"Our Country!
In her intercourse with foreign nations may she always be in the right;
but right or wrong, our country!"

    --Commodore Stephen Decatur

Wednesday, December 7, 2011

National Popular Vote: An Alternate History



The Prolix Patriot has written in the past on the virtues of the Electoral College system, but the liberal campaign to institute a popular vote for presidential elections is in the news again. The National Popular Vote Interstate Compact is a proposal whereby participating states agree to give their electors to the winner of the popular vote, regardless of the votes cast for either candidate within the state. The compact will automatically go into effect if enough states join it to give the NPV states control of at least 270 electoral votes.

The election of 1960 was razor thin. Thanks to shenanigans in Chicago and other major Democratic strongholds in the Northeast, Kennedy won the popular vote by a margin of about 100,000 votes, but because of the Electoral College system enshrined in the Constitution by our founding fathers, Kennedy had a clear mandate of 303 electoral votes to Nixon's 219. Now, let's pretend the NPV had been in effect.

Polls in Nixon's home state of California close a full two to three hours after those in Chicago, Dallas, Philadelphia, New York, and Boston. As reports come in that Nixon is only down by a small margin (less than 0.25%), the Nixon campaign pushes organizers and supporters in California to get a few more voters out to the polls in Republican-leaning precincts to swing the national popular vote over to Nixon's favor.

When California finally begins tallying votes, voila, the final count comes in with Nixon ahead by 500 votes. Even though Kennedy should have a clear victory in the Electoral College, the NPV rules require Kennedy strongholds of Illinois, Massachusetts, New Jersey, and Maryland (all current NPV compact members) to give all their votes to Nixon. Given the slim margin, both the Kennedy and Nixon campaigns start requesting recounts and filing legal challenges, counter-suits, and injunctions in almost every state in the Union.

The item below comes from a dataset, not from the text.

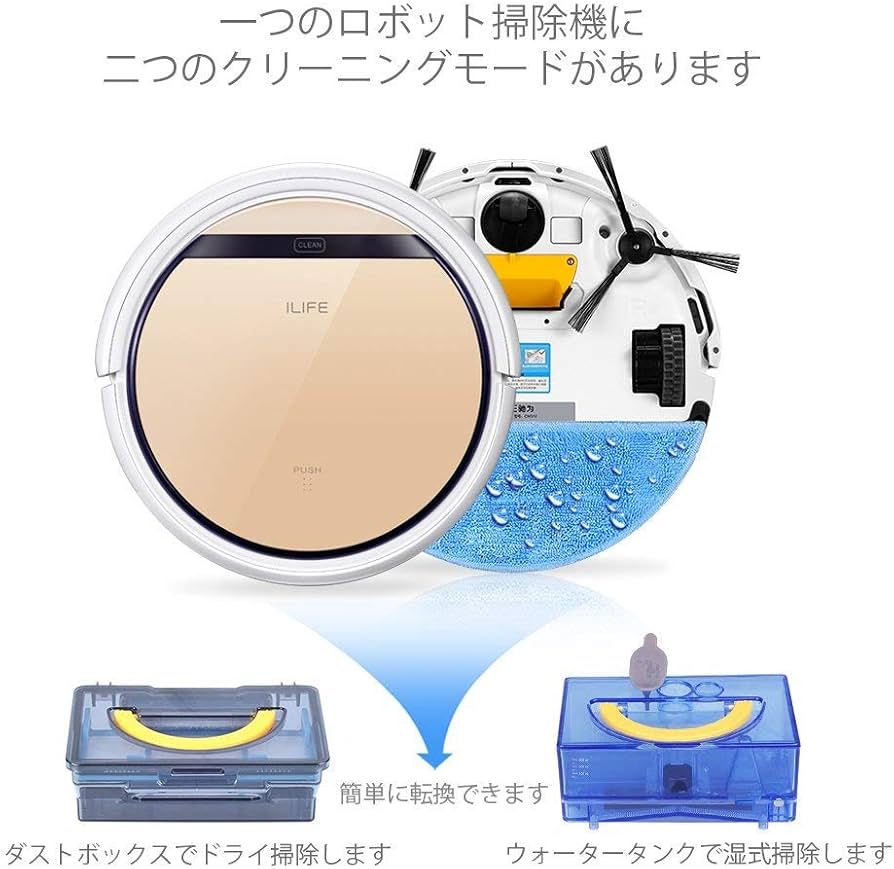 Amazon | ILIFE V5s Pro ロボット掃除機 水拭き 乾拭き両対応 床拭き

California, Texas, Illinois, and New York are simultaneously adjusting their vote tallies when it becomes clear that Kennedy may still win the popular vote. Nixon supporters in California react by launching a signature drive for a ballot initiative to leave the NPV interstate compact. Meanwhile, disgusted with the possibility that a Republican may take the election, Mississippi's unpledged electors announce they will give their votes to Kennedy.

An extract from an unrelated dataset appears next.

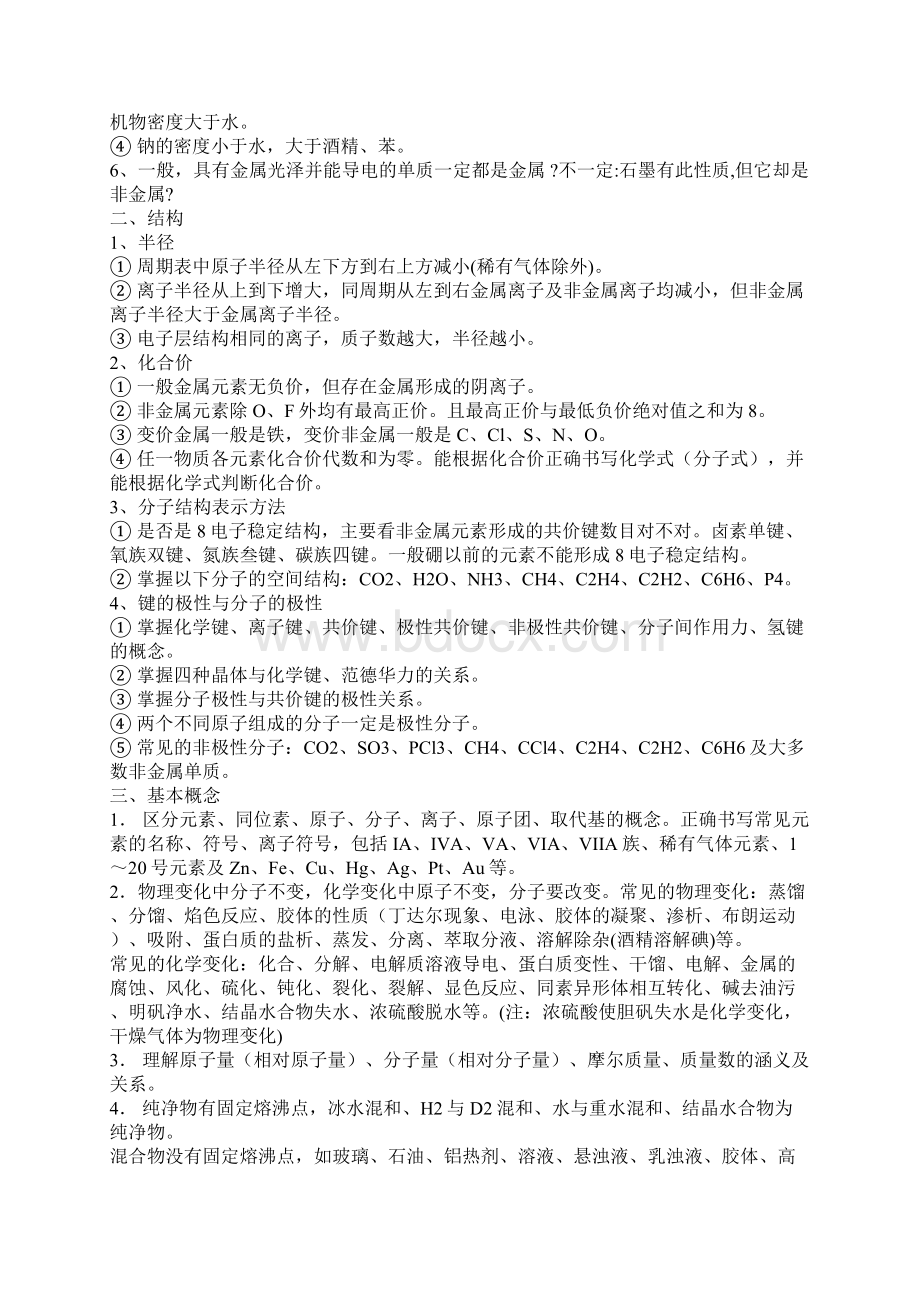 理综化学知识总结文档格式.docx_第2页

Lawsuits galore are now headed to the Supreme Court, and then, as an added twist, Kennedy supporters and the press start a campaign to pressure Eisenhower's Supreme Court nominees to recuse themselves from any election-related cases, because Nixon served as an advisor to the Eisenhower administration's nomination and vetting process. By the time the dust has settled the decision on how to resolve the crisis is left in the hands of only four justices with a real possibility of deadlock.

As popular outrage builds with the escalating crisis, Eisenhower convenes all 50 governors at an emergency meeting in Dallas to consider the possibility of deploying the National Guard to maintain order. While traveling from the airport to his hotel, he is assassinated by a disgruntled Communist sympathizer named Lee Harvey Oswald. Nixon is sworn in as acting president while the results of his own election are still being litigated and tabulated. Massive riots and violence break out across the nation and Nixon declares "temporary emergency measures" in an attempt to bring the situation under control.

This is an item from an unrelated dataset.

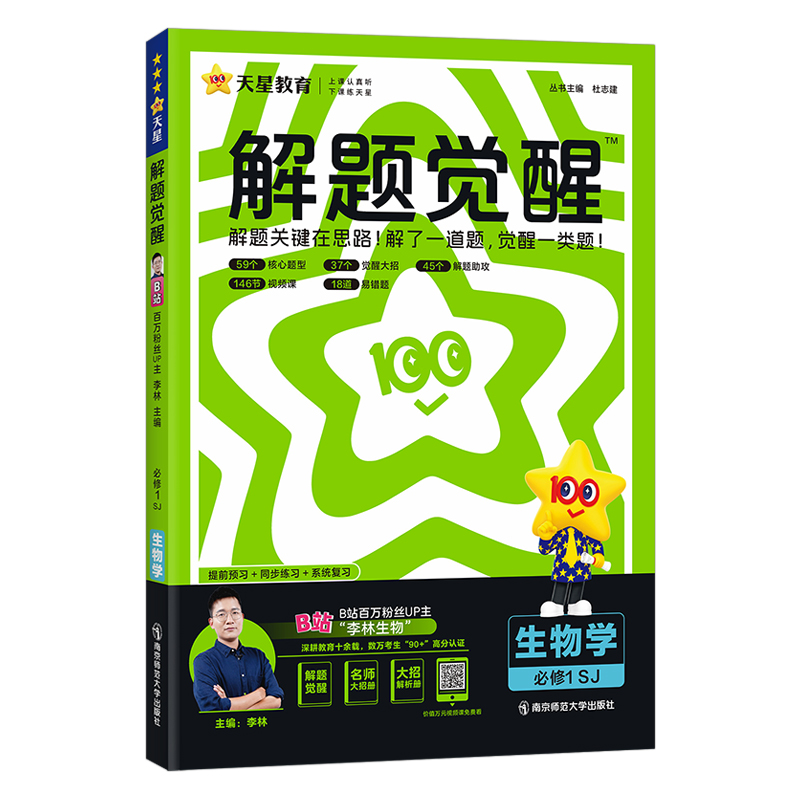 2024-2025年解题觉醒 必修1 生物学 SJ （苏教新教材）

We are used to thinking of such a constitutional crisis as a preposterous and impossible scenario, but if the NPV ever goes into effect, this is exactly the sort of crisis that could happen in the very near future. In fact, the Heritage Foundation and the State Leadership Foundation hosted an event this morning with Senate Minority Leader Mitch McConnell which examined just these sorts of problems. As former Federal Election Commission Chairman Bradley Smith once observed, “We are so accustomed to stable, generally good government that we sometimes forget that failure of government structures is historically much more common than success.…[W]e tinker with our success at our peril.”